Thank you for the help~!
In case anyone was interested, this was the native UDP attempt I have been working on (nothing seems to happen):
You were really close, but you code had a few issues:
You were using Udp.remoteIP(), which gives you the last ip address that sent you a packet, so you were sending packets to some random machine on the network.
You were sending the header in lots of seperate parts, which makes Arduino turn each into a single byte.
The size field needs to be set to the size of the headers, plus the size of the payload
You should read the whole packet at once, not just the headers, that way you can read the payload with ((lifx_payload_something*)packetBuffer + sizeof(lifx_header))->field_name.

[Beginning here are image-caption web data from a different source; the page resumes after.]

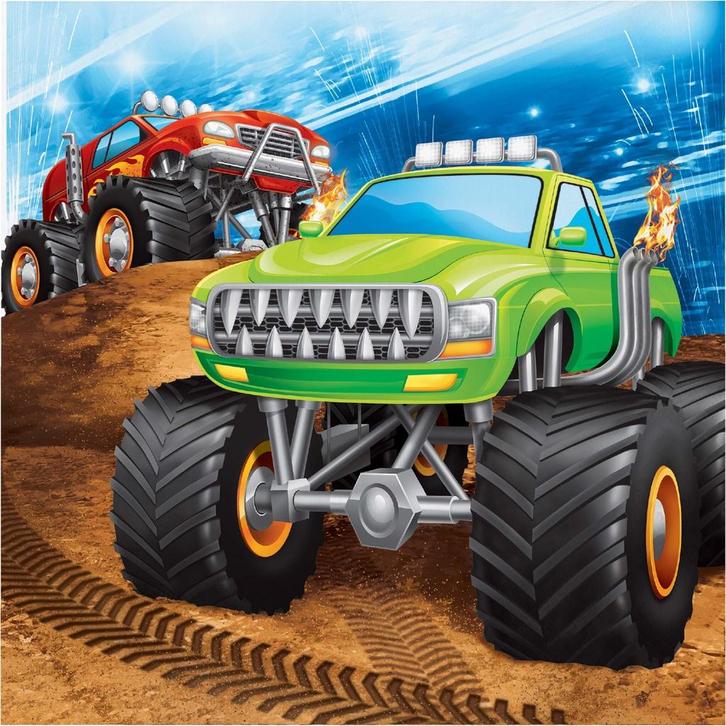 Monster Truck Servetten 33cm 16st, Hobby en Vrije tijd, Feestartikelen, Nieuw, Verzenden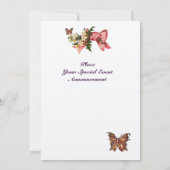 PRAM MET STROMEN, BABY SHOWER BUTTERFLIES KAART (Achterkant)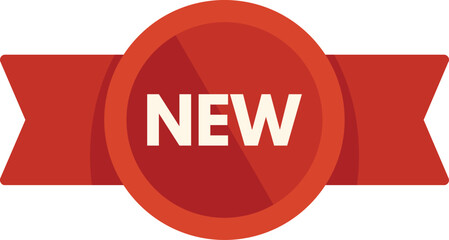 Aufkleber - red round new label with ribbon is illustrating new arrival or latest product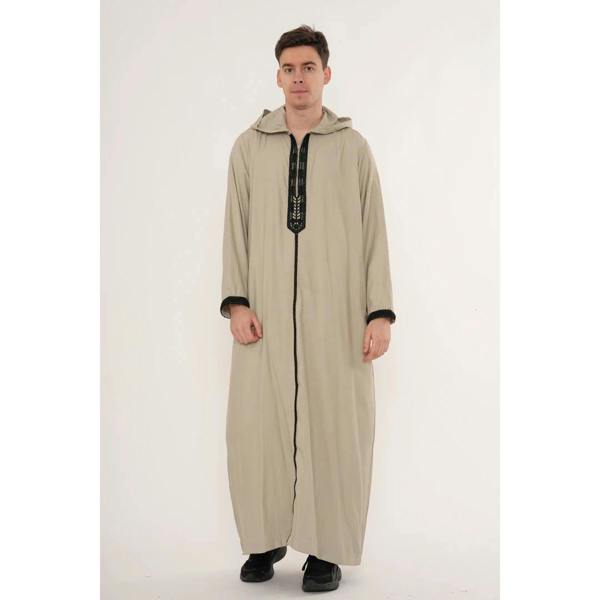 Men's Hooded Gandoura Embroidery Moroccan Thobe - Grey - Thobez - 17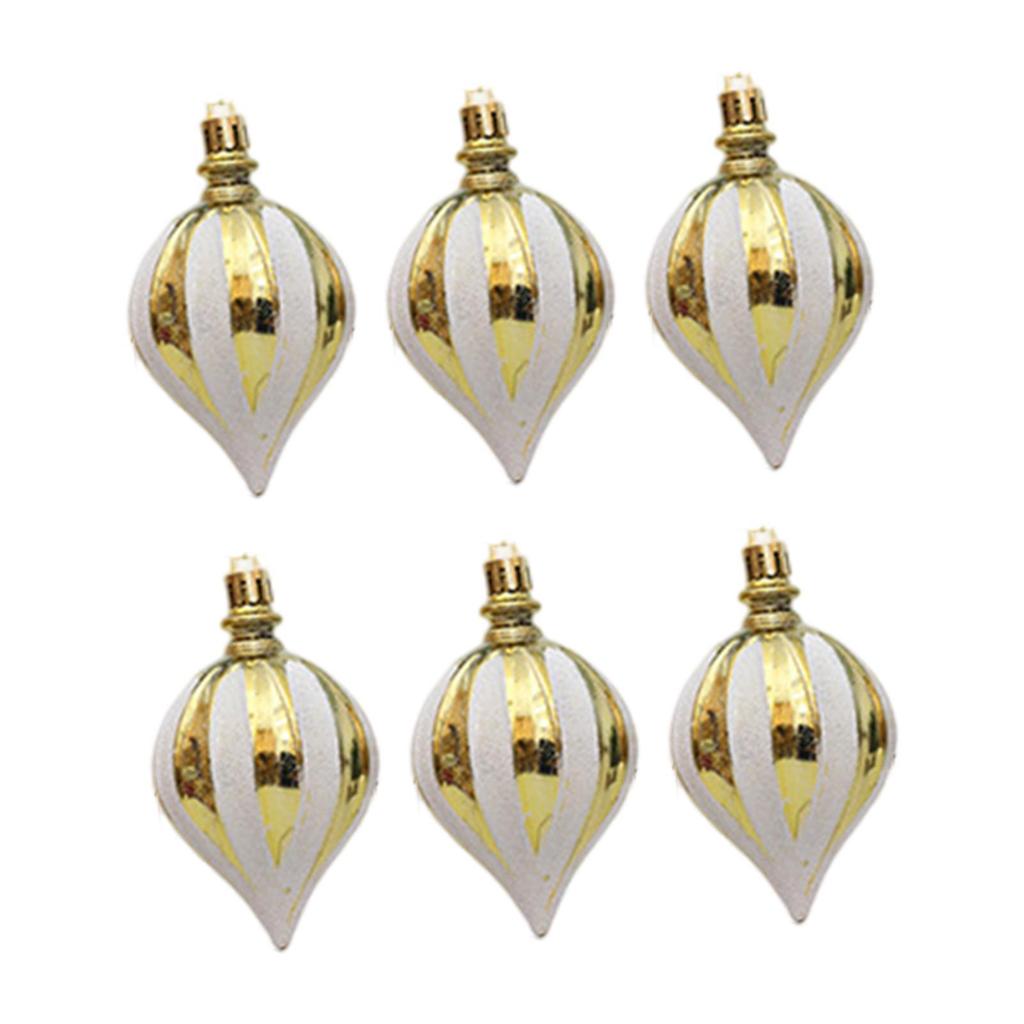 6Pcs Christmas Ball Ornaments Hanging Balls Christmas Tree Decorations Charm Pendants Glitter Decorative Baubles for Festival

Anyway, I rewrote the example you gave me, so that it sends a Device::SetPower to the whole network every 5 seconds and has the effect of turning on every bulb. It also listens to the replies and prints the reply type to the serial console as it receives them.
#include <SPI.h>
#include <Ethernet.h>
#include <EthernetUdp.h>
// The LIFX Header structure
#pragma pack(push, 1)
typedef struct {
/* frame */
uint16_t size;
uint16_t protocol:12;
uint8_t addressable:1;
uint8_t tagged:1;
uint8_t origin:2;
uint32_t source;
/* frame address */
uint8_t target[8];
uint8_t reserved[6];
uint8_t res_required:1;
uint8_t ack_required:1;
uint8_t :6;
uint8_t sequence;
/* protocol header */
uint64_t :64;
uint16_t type;
uint16_t :16;
/* variable length payload follows */
} lifx_header;
#pragma pack(pop)
// Device::SetColor Payload
#pragma pack(push, 1)
typedef struct {
uint16_t level;
} lifx_payload_device_set_power;
#pragma pack(pop)
// Payload types
#define LIFX_DEVICE_SETPOWER 21
// Enter a MAC address and IP address for your controller below.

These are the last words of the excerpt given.